Created 05-30-2022 08:36 AM
Hi,
after having deleted tera bytes of data from HDFS (1/4 of the total capacity), the block count among data nodes did not decrease as expected. It is still over the critical threshold.
How could it be solved?
Thank you
Created 06-08-2022 01:04 AM
Please remember that 1 block is not necessarily 256 MB, it can be less. Also not all files have replica factor of 3, some might have only 1 replica too, so it can be totally fine if all of those were all single replica files.
600.000 * 256 MB = 153.6 TB as a maximum, but since blocks can be smaller than 256 MB, the 60 TB freed up is reasonable.
Created 06-06-2022 05:07 AM
Hi,
I'm still analyzing the output: the command "fsck" on the path where deleting operations have been made reports just 1 block.
Looking at the attached chart, you can see that on May, the 19th, a lot of data was removed from hdfs (60TB), and the number of blocks decreased for a single datanode (bda1node02).
600.000 blocks (1 block -> 256MB).
In the other datanodes, blocks remained the same (or increased slightly).
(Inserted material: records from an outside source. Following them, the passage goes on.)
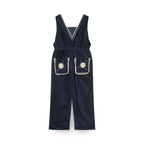 Tuinbroek corduroy - Embroidered Dungarees - Navy - Biologisch katoen - Copenhagen Colors - achterkant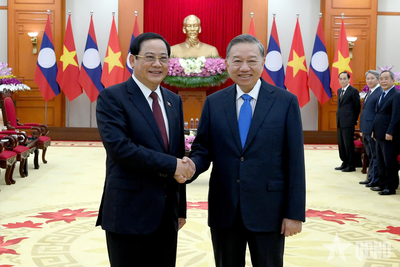 Tổng Bí thư, Chủ tịch nước Tô Lâm tiếp Thủ tướng Lào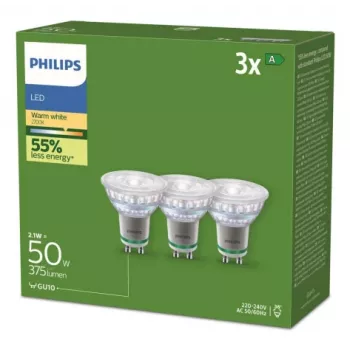 Philips 929003634693 Żarówka LED Ciepła biel 2700 K 2,1 W GU10 A
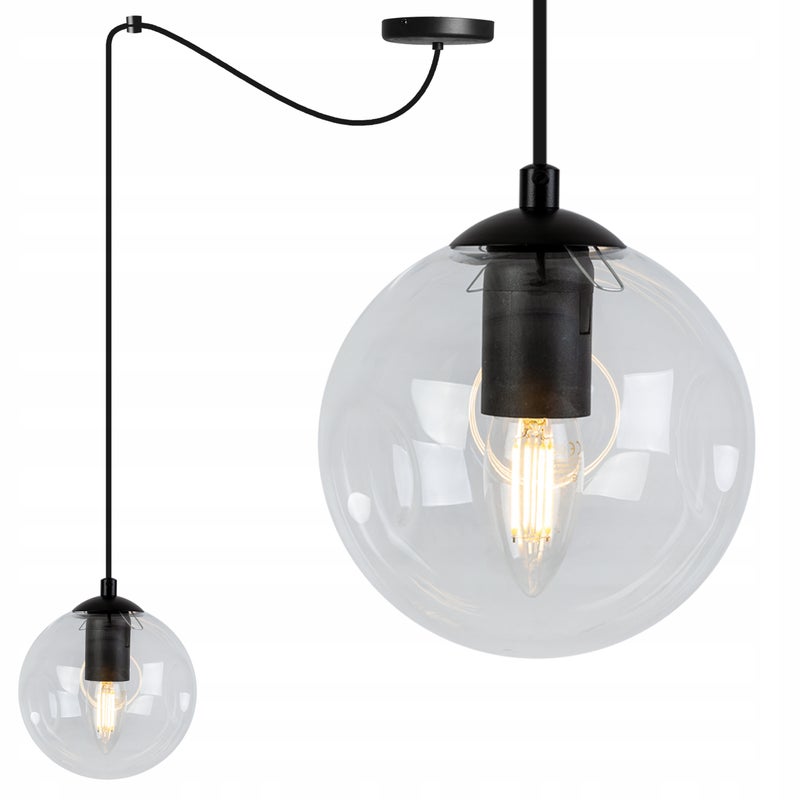 Lampa sufitowa wisząca Spider Monako modern 1xE27 abażur transparentny Light Home LH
Created 06-08-2022 01:04 AM
Please remember that 1 block is not necessarily 256 MB, it can be less. Also not all files have replica factor of 3, some might have only 1 replica too, so it can be totally fine if all of those were all single replica files.
600.000 * 256 MB = 153.6 TB as a maximum, but since blocks can be smaller than 256 MB, the 60 TB freed up is reasonable.
Created 06-08-2022 03:50 AM
Hi @mszurap ,
I agree with you about these numbers.
Even if 60-100TB is a high amount of data, the total number of blocks involved is not so high (next to 600k), if compared to each Datanode.
Each datanode reports 9M of blocks, but we found the problem is related to other directories that cointain small files, where block size is about 2-3MB. Even if the total size of these directory is not so high, we expect the number of block will decrease more significantly.
We are facing the problem of small files, which determines a high number of blocks. The directory we have deleted had larger blocks, which is why the decrease in blocks was imperceptible.
Thank you for the support in the analysis!
Created 06-08-2022 04:08 AM
Hi Andrea,
Great to see that it has been found now and thanks for marking the post as answered.
All the best, Miklos